* Data to examine:

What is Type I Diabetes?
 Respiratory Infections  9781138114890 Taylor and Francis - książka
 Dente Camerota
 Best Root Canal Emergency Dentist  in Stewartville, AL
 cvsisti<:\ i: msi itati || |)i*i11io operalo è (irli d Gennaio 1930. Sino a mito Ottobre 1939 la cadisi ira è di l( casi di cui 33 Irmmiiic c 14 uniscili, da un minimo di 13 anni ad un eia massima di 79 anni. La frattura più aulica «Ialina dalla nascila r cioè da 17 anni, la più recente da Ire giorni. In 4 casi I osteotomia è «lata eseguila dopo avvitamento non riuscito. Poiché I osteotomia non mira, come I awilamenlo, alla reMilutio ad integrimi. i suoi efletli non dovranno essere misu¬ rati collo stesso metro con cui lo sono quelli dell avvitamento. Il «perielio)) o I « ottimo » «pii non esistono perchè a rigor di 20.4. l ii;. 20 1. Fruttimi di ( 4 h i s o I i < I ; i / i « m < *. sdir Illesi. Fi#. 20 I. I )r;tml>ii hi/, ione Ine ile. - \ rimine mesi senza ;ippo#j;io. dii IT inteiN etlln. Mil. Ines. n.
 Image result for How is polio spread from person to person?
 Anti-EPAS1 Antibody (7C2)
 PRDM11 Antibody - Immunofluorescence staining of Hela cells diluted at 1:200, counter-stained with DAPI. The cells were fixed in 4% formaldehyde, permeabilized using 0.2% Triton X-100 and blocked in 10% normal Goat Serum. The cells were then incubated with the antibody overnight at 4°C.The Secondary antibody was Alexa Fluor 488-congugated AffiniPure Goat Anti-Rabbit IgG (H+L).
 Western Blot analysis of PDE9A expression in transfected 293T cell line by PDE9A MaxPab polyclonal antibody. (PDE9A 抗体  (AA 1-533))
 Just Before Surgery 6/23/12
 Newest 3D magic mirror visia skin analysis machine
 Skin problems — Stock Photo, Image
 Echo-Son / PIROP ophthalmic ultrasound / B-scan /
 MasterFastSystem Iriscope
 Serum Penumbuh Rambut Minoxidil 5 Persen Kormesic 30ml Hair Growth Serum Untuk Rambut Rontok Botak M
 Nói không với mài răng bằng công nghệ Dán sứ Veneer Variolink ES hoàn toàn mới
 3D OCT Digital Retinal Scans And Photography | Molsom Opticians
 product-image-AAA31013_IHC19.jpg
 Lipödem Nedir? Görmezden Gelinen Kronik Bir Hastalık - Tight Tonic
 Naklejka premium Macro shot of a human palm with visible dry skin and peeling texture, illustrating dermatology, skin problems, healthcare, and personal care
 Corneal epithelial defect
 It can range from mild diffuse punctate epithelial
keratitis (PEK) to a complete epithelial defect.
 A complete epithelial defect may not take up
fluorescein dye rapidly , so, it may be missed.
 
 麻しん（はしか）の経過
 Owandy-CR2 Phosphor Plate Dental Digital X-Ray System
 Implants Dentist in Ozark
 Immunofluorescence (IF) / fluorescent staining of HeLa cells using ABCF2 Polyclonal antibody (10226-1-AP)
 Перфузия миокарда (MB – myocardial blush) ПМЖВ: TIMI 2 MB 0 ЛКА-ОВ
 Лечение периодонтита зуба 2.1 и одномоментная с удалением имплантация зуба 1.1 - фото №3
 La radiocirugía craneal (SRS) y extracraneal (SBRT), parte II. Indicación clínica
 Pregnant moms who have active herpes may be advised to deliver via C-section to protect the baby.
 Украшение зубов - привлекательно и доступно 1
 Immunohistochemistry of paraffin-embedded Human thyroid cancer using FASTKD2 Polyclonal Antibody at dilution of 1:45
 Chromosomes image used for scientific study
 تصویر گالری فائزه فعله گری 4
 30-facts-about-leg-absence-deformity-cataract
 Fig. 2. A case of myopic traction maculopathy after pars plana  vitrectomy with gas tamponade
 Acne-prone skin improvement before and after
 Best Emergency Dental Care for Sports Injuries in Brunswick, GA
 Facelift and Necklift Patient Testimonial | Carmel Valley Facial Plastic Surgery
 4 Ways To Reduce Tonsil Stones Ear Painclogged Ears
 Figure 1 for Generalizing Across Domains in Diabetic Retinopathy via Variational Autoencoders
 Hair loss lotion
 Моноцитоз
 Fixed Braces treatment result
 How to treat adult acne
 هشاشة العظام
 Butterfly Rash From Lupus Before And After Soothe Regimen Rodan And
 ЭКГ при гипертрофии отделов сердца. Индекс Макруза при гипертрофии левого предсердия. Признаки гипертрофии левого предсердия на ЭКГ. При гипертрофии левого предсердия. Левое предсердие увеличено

* Directions for this task: Could you repeat exactly the lines above from the line with "Dente Camerota" up to and including the line with "Newest 3D magic", and only those?

* Result:
 Dente Camerota
 Best Root Canal Emergency Dentist  in Stewartville, AL
 cvsisti<:\ i: msi itati || |)i*i11io operalo è (irli d Gennaio 1930. Sino a mito Ottobre 1939 la cadisi ira è di l( casi di cui 33 Irmmiiic c 14 uniscili, da un minimo di 13 anni ad un eia massima di 79 anni. La frattura più aulica «Ialina dalla nascila r cioè da 17 anni, la più recente da Ire giorni. In 4 casi I osteotomia è «lata eseguila dopo avvitamento non riuscito. Poiché I osteotomia non mira, come I awilamenlo, alla reMilutio ad integrimi. i suoi efletli non dovranno essere misu¬ rati collo stesso metro con cui lo sono quelli dell avvitamento. Il «perielio)) o I « ottimo » «pii non esistono perchè a rigor di 20.4. l ii;. 20 1. Fruttimi di ( 4 h i s o I i < I ; i / i « m < *. sdir Illesi. Fi#. 20 I. I )r;tml>ii hi/, ione Ine ile. - \ rimine mesi senza ;ippo#j;io. dii IT inteiN etlln. Mil. Ines. n.
 Image result for How is polio spread from person to person?
 Anti-EPAS1 Antibody (7C2)
 PRDM11 Antibody - Immunofluorescence staining of Hela cells diluted at 1:200, counter-stained with DAPI. The cells were fixed in 4% formaldehyde, permeabilized using 0.2% Triton X-100 and blocked in 10% normal Goat Serum. The cells were then incubated with the antibody overnight at 4°C.The Secondary antibody was Alexa Fluor 488-congugated AffiniPure Goat Anti-Rabbit IgG (H+L).
 Western Blot analysis of PDE9A expression in transfected 293T cell line by PDE9A MaxPab polyclonal antibody. (PDE9A 抗体  (AA 1-533))
 Just Before Surgery 6/23/12
 Newest 3D magic mirror visia skin analysis machine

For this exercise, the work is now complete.